Statistical analyses

Accuracy was assessed by comparing its ability to detect ADE events using clinical vignettes published by Madaras-Kelly and using their scoring system as a gold standard7. The latest version of the revised Madaras-Kelly spectrum score8 was used to generate the scores for each antimicrobial regimen listed in the clinical vignettes (Table 1). Likewise, S3 scores were calculated for each antimicrobial regimen within their respective clinical vignette. An ADE was defined as a negative spectrum score delta by subtracting the final spectrum score value to the initial one. Quantitative analysis was performed by plotting normalized Madaras-Kelly against S3 scores delta scores to calculate Spearman’s correlation coefficient. Qualitative analysis was performed by using Madaras-Kelly’s spectrum score as a comparator method for ADE events, which helped building 2 × 2 tables to assess agreement between the two methods. All antibiotic’s spectrum scores individually available are reported in [Supplementary Table S2, Supplementary Figure S2) in a color-coded fashion. Statistical analyses were performed using Python version 3.12.0 with pandas (v2.1.3), numpy (v1.26.2), matplotlib (v3.8.2), seaborn (v0.13.0), pygal (v3.0.4) and scipy (v1.11.4).

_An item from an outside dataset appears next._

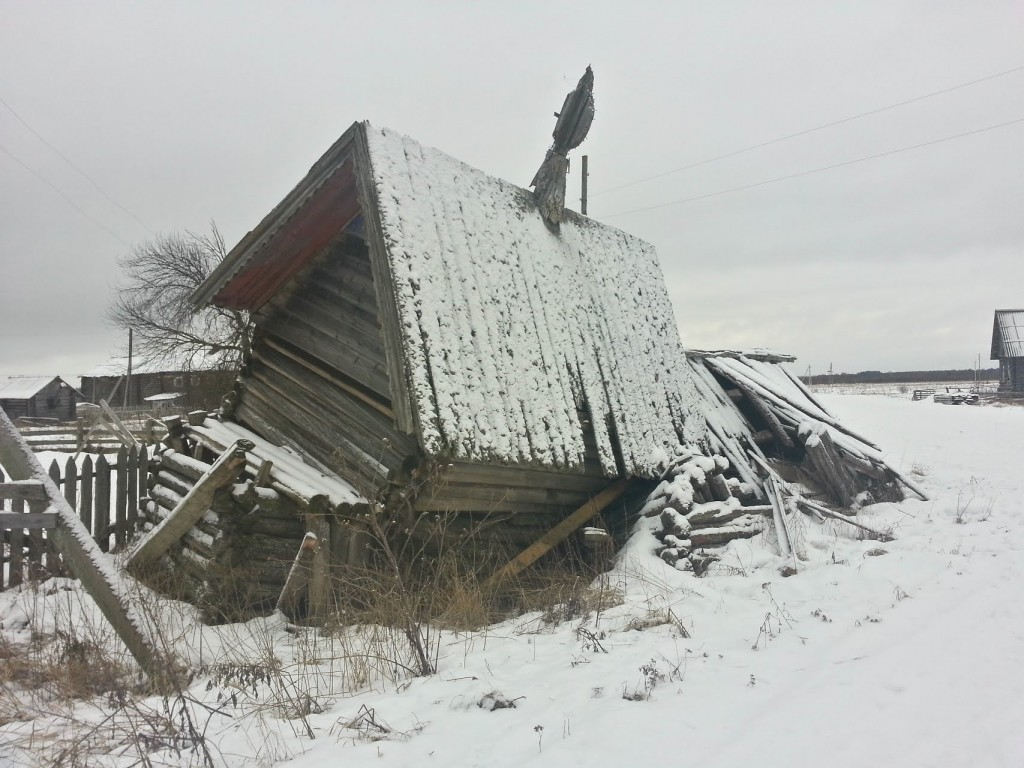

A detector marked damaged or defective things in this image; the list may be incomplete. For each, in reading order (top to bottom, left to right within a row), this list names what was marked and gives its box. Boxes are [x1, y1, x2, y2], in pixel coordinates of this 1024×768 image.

broken roof edge [191, 121, 364, 311]
broken wooden roof ornament [532, 65, 598, 228]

Table 1 Clinical vignettes of antimicrobial de-escalation (ADE) events as published by Madaras-Kelly et al.7 with reported spectrum scores from Madaras-Kelly and S3 scoring systems.

Ssource code

Source code of the S3 score application is freely available in open source at GitHub (https://github.com/metg1985/S3score).

Results

General use of Sas a simple and user-friendly app to assess for ADE

Figure 2 depicts the user-interface of the S3 app and a basic walkthrough to input the data required for the calculation of the spectrum scores. These inputs correspond to the initial antimicrobial therapy, or drugs from which the switch is made, and the final antimicrobial or the resulting drug after the switch is made. Quality controls ADE vignettes were developed to ensure and check for any underlying issue with S3. They provide examples of scenarios on how and when to use S3 to assess for ADE (Fig. 3, Supplementary Figure S3 and Supplementary Figure S4). For instance, Fig. 3 depicts a patient suffering from a bacterial skin infection caused by methicillin-susceptible S. aureus with bacteremia. In this hypothetical case, the initial (or empirical) therapy was amoxicillin-clavulanate. Subsequently, once the data on antimicrobial susceptibility is available, amoxicillin-clavulanate is stopped and substituted by oxacillin, a staphylococcal-specific synthetic penicillin. Since there are no other antimicrobial used in this scenario, no other input data is required to proceed with the calculation of the delta score. Clicking on the “S3score” button brings the user to another page displaying the delta S3 score or ΔS3 = − 28.67% (defined as final antimicrobial therapy S3 score minus initial antimicrobial therapy S3 score). Since the delta S3 score is negative (ΔS3 < 0), the outcome describes an antimicrobial de-escalation (ADE).

Figure 2
figure 2

General user interface of the S3 app depicting the main menu of the app (A), clicking on the S3 score calculator enabled the user to reach the data input menu (B) where initial antimicrobial drugs can be chosen from a list (C), after the first choice is made the app will automatically propose a subsequent antimicrobial drug as input. After the user has finalized the final antimicrobial drug inputs (D), he can click on “S3score” button to assess for a de-escalation (ADE) event (E). The app will automatically compute the difference between final (targeted) and initial (empirical) therapy and display the resulting ΔS3 score.

Figure 3
figure 3

Example of a clinical situation when S3 can be used. This example is based on the Quality Control (QC) vignettes developed by the authors. In this scenario, a skin infection to Staphylococcus aureus leading to a bloodstream infection (bacteremia) and empirically treated (initial antimicrobial therapy) with amoxicillin-clavulanate. Once the antimicrobial susceptibility testing (AST) results are available, the clinician alters the empirical therapy by stopping amoxicillin-clavulanate and introducing oxacillin (i.e., targeted or final therapy). When this data is fed into the app, the delta (ΔS3) score is displayed with an interpretation. Interpretation of the delta (ΔS3) score is given according to the following rule: ADE (ΔS3 < 0) or non-de-escalation (NDE, ΔS3 ≥ 0).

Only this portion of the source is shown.